Não, o Vaticano não é uma discoteca nova que selecciona pessoas à entrada com base no rácio entre pénis e vaginas, na sua vestimenta ou, até mesmo, na cor de pele: o Vaticano de que falo é a cidade-Estado cujo chefe é o Papa Francisco. Durante as férias, passei por Itália e achei que seria interessante dar um pulinho até ao Vaticano ver a residência oficial do Senhor já que, apesar de ser ateu, gosto da história e da arte que a religião traz consigo. O sol ia a pique e nem os 40 graus que se faziam sentir me demoveram de esperar uma hora para passar o posto de controlo. Pelos vistos, nem Deus consegue proteger o seu castelo, mas se tudo acontece por vontade d'Ele, não será de mau tom estarem guardas e seguranças a implicar com o seu plano Divino? Bem, estava com a minha namorada que, obviamente, devido ao calor que se fazia sentir e ao facto de estarmos de férias, não estava de burka. Passámos a segurança sem problema pois, felizmente, ainda não existem máquinas de raios X que alertem para a passagem de ateus amorais! Satisfeitos por já não termos de torrar mais na fila de espera e por sabermos que dentro das igrejas e catedrais está sempre fresquinho porque se há coisa que o Senhor tem é bom ar-condicionado nas suas casas, dirigimo-nos até à entrada da Basílica de São Pedro. Aí, estava mais um segurança e foi nesta altura que me lembrei porque é que a religião e a Igreja dos homens me deixam o estômago às voltas e não é das hóstias fora do prazo, nem por beber duas garrafas de penalti de sangue de Cristo. Qual porteiro de discoteca, barrou-nos a entrada! Relembro que era para entrar numa catedral Católica e não numa qualquer mesquita!
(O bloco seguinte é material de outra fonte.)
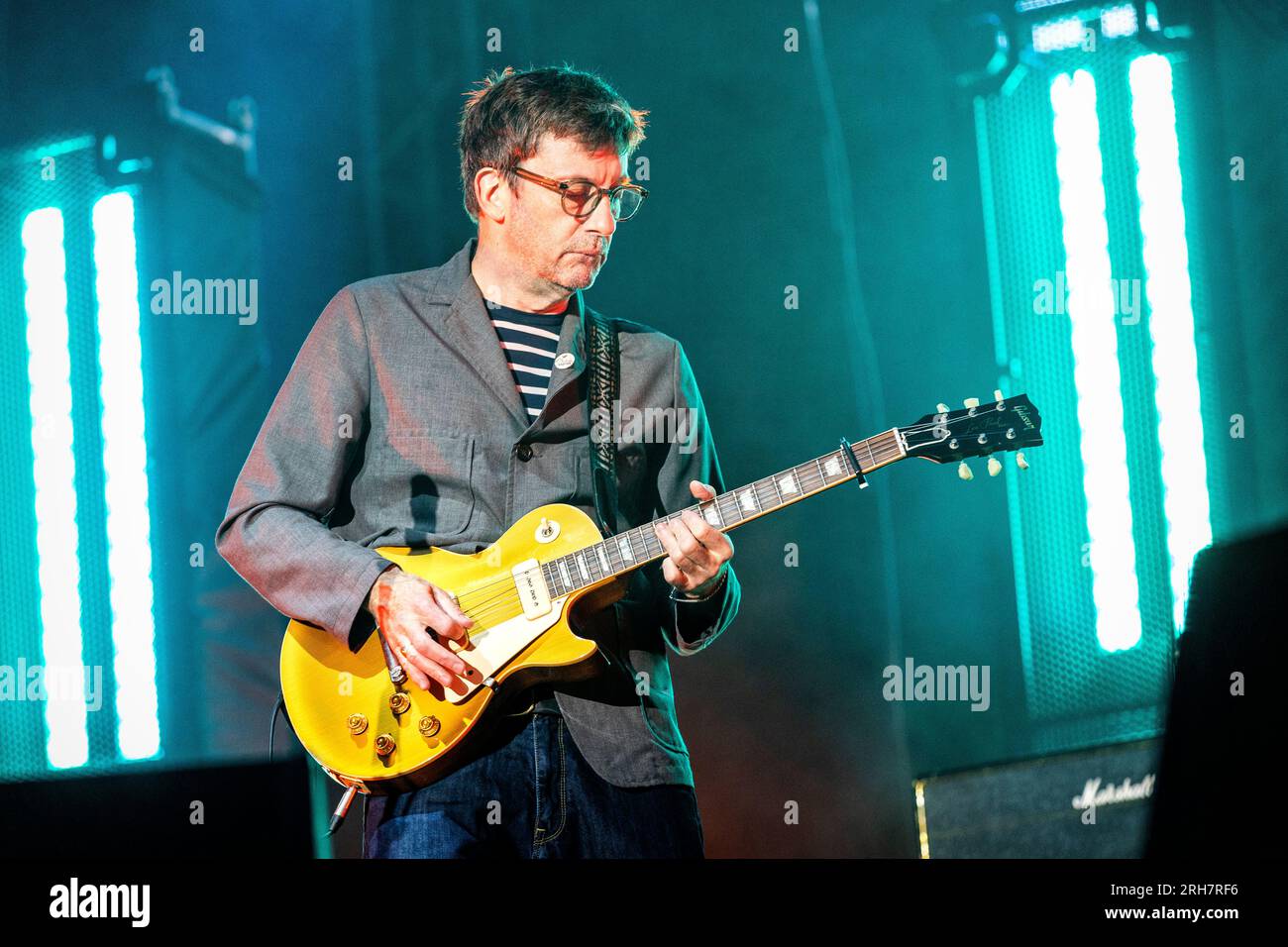 Oslo, Norway. 10th, August 2023. The English rock band Blur performs a live concert during the Norwegian music festival Oyafestivalen 2023 in Oslo. Here guitarist Graham Coxon is seen live on stage. (Photo credit: Gonzales Photo - Terje Dokken). Stock Photo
Aparentemente, os calções da minha namorada não cumpriam o dress code da Santa Sé. Toda a gente sabe que mostrar os joelhos e os ombros é para as putas!
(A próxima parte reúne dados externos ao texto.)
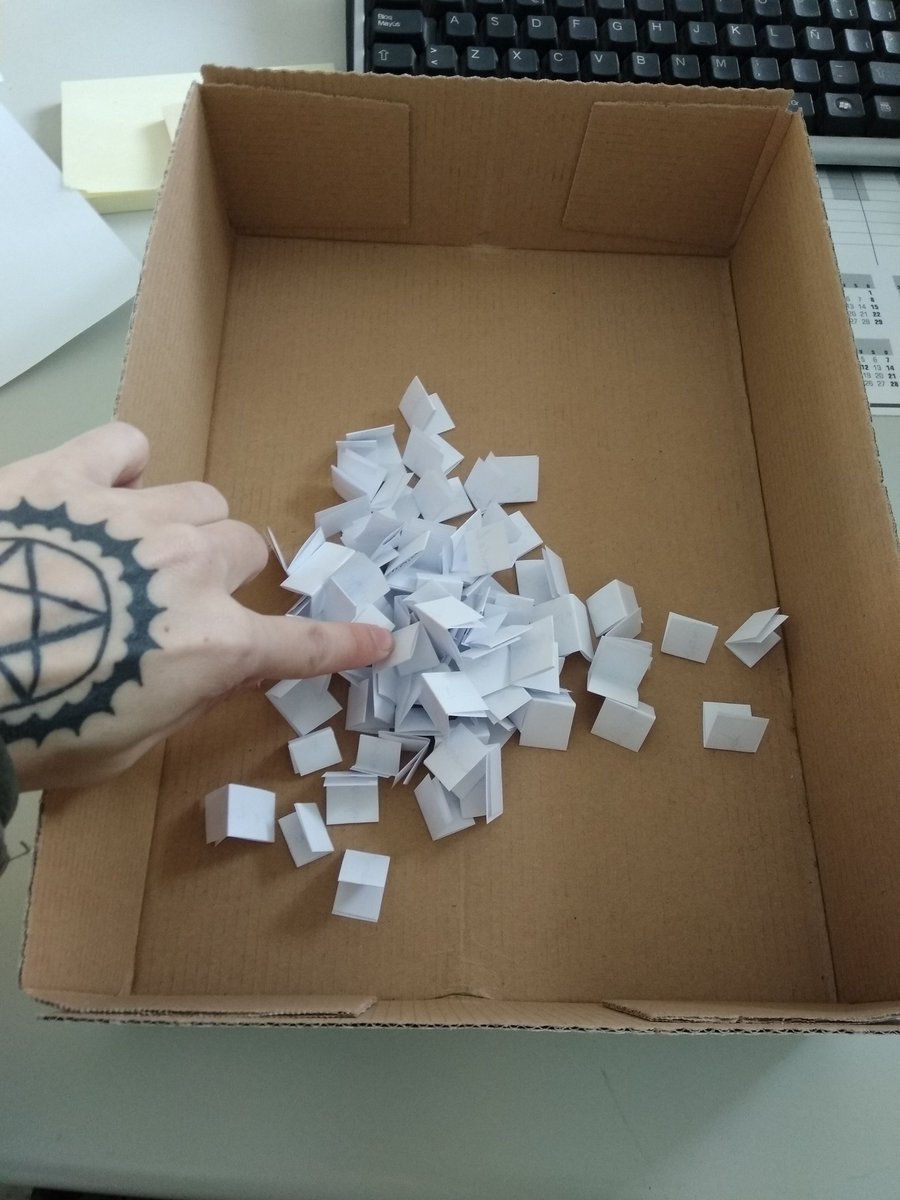 ayluski's tweet photo. Ya sé que el día de Navidad ha pasado hace tiempo, pero como han sido unas semanas muy caóticas, no he podido hacer el sorteo antes.
Aquí estáis todos los nuevos seguidores que estáis conmigo desde la fecha que puse el sorteo hasta hoy. Procedo a sacar un papelito 🤗
Buena suerte https://t.co/BwJC4xkYPn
É preciso não ter vergonha na cara para se ir de pernas à mostra para a casa do Senhor que, todos sabemos, é de muito respeito. Nem quis acreditar que em pleno Século XXI, um segurança estivesse a dizer a uma mulher como é que esta se deve vestir e, basicamente, a dizer-lhe que a sua forma de estar na vida não é aprovada pelos princípios da moral e dos bons costumes do mais alto dos polícias da moda que é Deus. Disseram que teríamos de voltar para trás e que vendiam lenços lá fora para que ela cobrisse todo o pecado que trazia à mostra. Eu ia de calções e t-shirt, mas dentro dos limites permitidos pela Lei do Dress Code Divino. Há algures na entrada um cartaz que avisa para este facto, pese embora ninguém nos tenha dito nada antes de estarmos uma hora na fila à espera. Ficava-lhes bem ter um stylist à entrada a acompanhar os seguranças e que fosse percorrendo a fila de espera e carimbando a testa das pecadoras com a palavra "Scortum" que significa "prostituta" em Latim.

Como podem ver, também há homens ilustrados, mas só porque pareceria mal apenas se dirigirem às mulheres, embora saibamos que esta lei as discrimina mais porque a maioria dos homens anda mais tapado. Quase que parece hipocrisia já que somos todos iguais aos olhos do Senhor, mas aos homens proíbe-se a entrada de camisola de alças e/ou calções muito curtos, algo que se compreende perfeitamente pois as camisolas de alças deviam ser proibidas em todo o lado e todos sabemos que tipo de homens usam calções curtos: aquele tipo de homens que não se podem casar pela Igreja porque no rabo é pecado.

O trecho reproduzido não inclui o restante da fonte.